And so our last day arrived with a 90% forecast of rain all day after a week of perfect weather. We gathered in the courtyard post-breakfast to bid farewell to two of us heading out early to Sicily. Being who I am, I insisted on a little closing circle of appreciation and indeed, it was well-earned. Lorna, Marcia, Mary, Carol, Geri, all part of a weekly bike group my wife Karen has been with for some 30 years, are all people I have met, but not hung out with much. Karen often comes back from the ride appreciative of the quality of her friends and having spent the week with them, I understand why. Gerri’s husband Dennis and I were allowed to crash the party and we hit it off great. I opened the circle by quoting a mutual friend who had complained that much of her time with friends was spent sharing past memories and she was missing creating new ones. This week was exactly that— the shared adventures that were indeed memorable, each and every day.

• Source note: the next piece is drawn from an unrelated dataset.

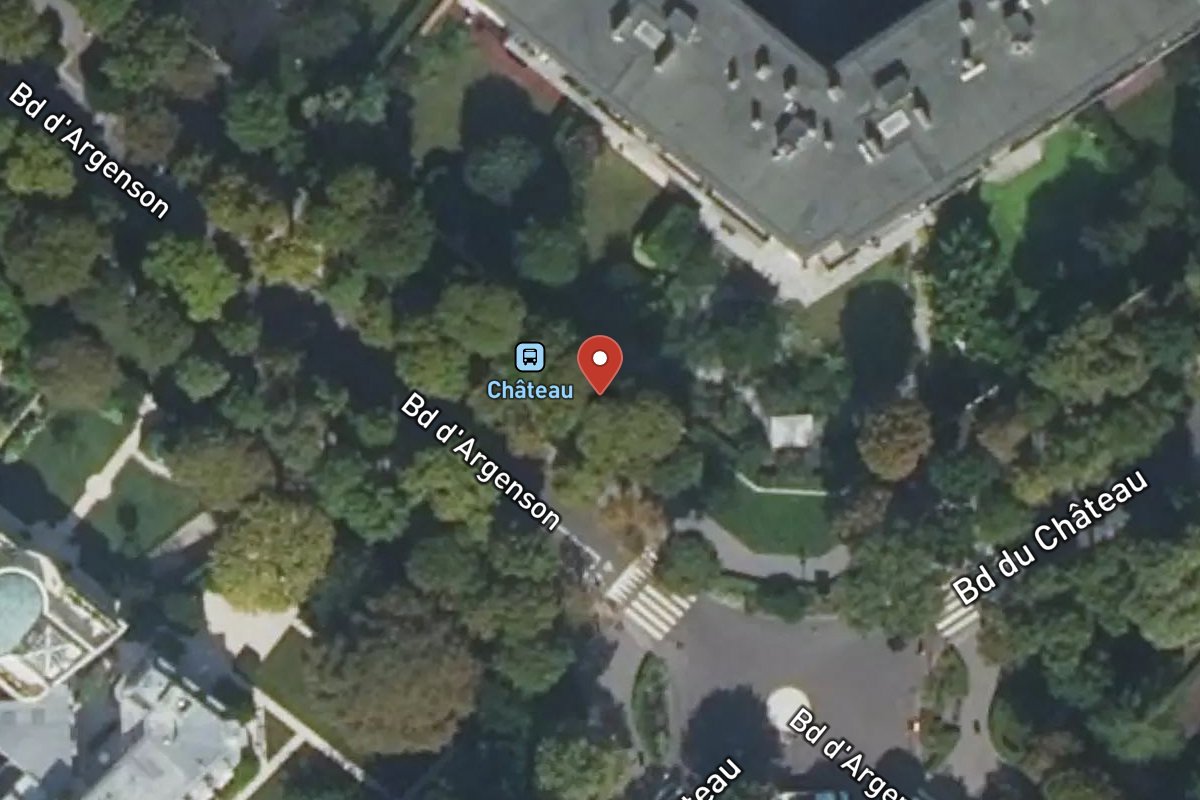 Vue satellite — 9 Avenue du Château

So off the remaining six of us went on wet cobblestone streets and once out of town, rode on an actual bike path hugging the sea with emerging sunshine. (It never did rain the whole day.) The wind at our backs, the road stretching out before us, the landscape reminiscent of a Greek island, me singing a Greek folk song I remembered that was the perfect soundtrack for the promise of the morning. More olive groves and lunch off to the side where a Neolithic Dolmen sat tucked in amongst the trees. Finished the bag of hazelnuts, almonds, cashews, figs and roasted fava beans we bought in Matera.

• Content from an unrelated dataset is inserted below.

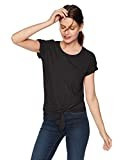 J.Crew Mercantile Women's Solid Tie Waist T-Shirt, Black, XX-Small | Amazon (US)
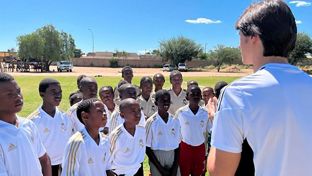 Primer clínic de la Fundación Real Madrid en Namibia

Some 25 miles later, the white town of Ostuni loomed before us, perched on a hill overlooking the sea. Settled into the hotel and out to explore. Stopped by a street accordion player playing the most perfect live music I had heard all trip and I accompanied him on body percussion, disappointed that I didn’t bring my sopranino recorder in my pocket. He was a Roma gypsy and was excited to hear I was American. “Americans very smart!” he exclaimed and I resisted responding “Really? Have you heard of Marjorie Taylor Greene or Tucker Carlson or he who shall not be named?”

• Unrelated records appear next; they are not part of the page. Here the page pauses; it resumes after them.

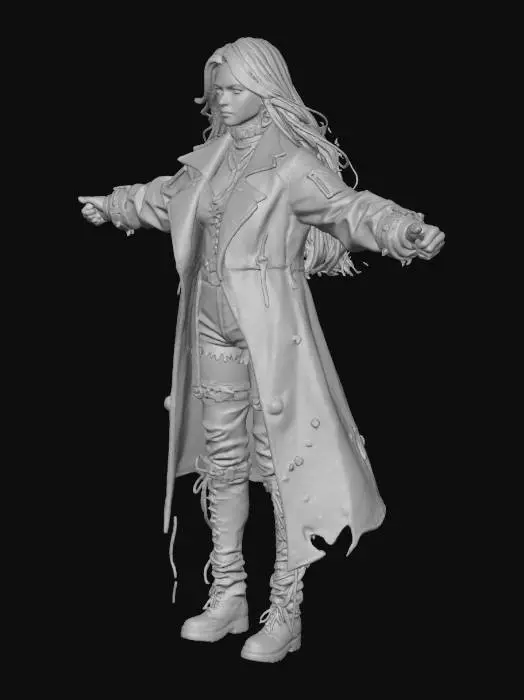 3D model for Gothic Elegance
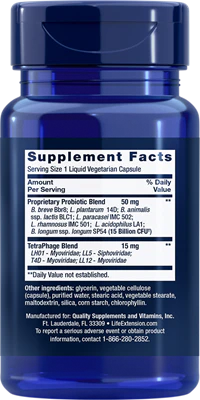 Life Extension FLORASSIST® Probiotic GI with Phage Technology - Image 2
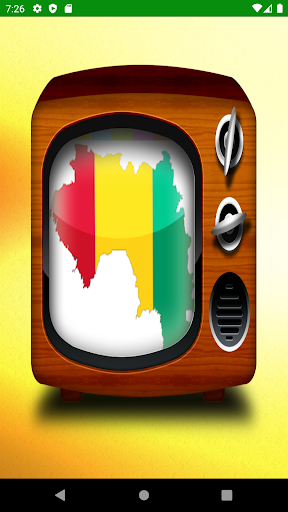 Android application Guinée TV screenshort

We came to a park and sat under a brilliantly blooming redbud tree, watching the children and groups of older men and listening to the cooing of mourning doves. Ambled over to a nearby church and heard a group of women singing a call and response kind of chant.
On to the ritual restaurant search and stumbled into one with a table tucked away in a kind of a grotto setting, with one of the chairs a swing bedecked with flowers! It was a perfect atmosphere except for the loud American 50’s rock-‘n’ roll soundtrack. Better than the disco beat, but still. So I said to the waitress after ordering:
“We are Americans who came all the way to be in Italy to be in Italy. Do you have any Italian music you can play? And whether yes or no, can you turn it down a bit?” Lo and behold, she did both and it made all the difference in the world. A perfect farewell dinner with some new dishes—vegetable caponata, eggplant parmigiana, a wonderful cheese plate with green bread, topped off at the end with a limoncello liquor.
And so ended the Puglia bike trip, eight glorious days of adventure, exercise, comradery and unrelenting beauty. No better summary than these lines from the Navaho Night Chant.
There is beauty before me.
There is beauty behind me.
There is beauty above me.
There is beauty below me.
It is finished in beauty.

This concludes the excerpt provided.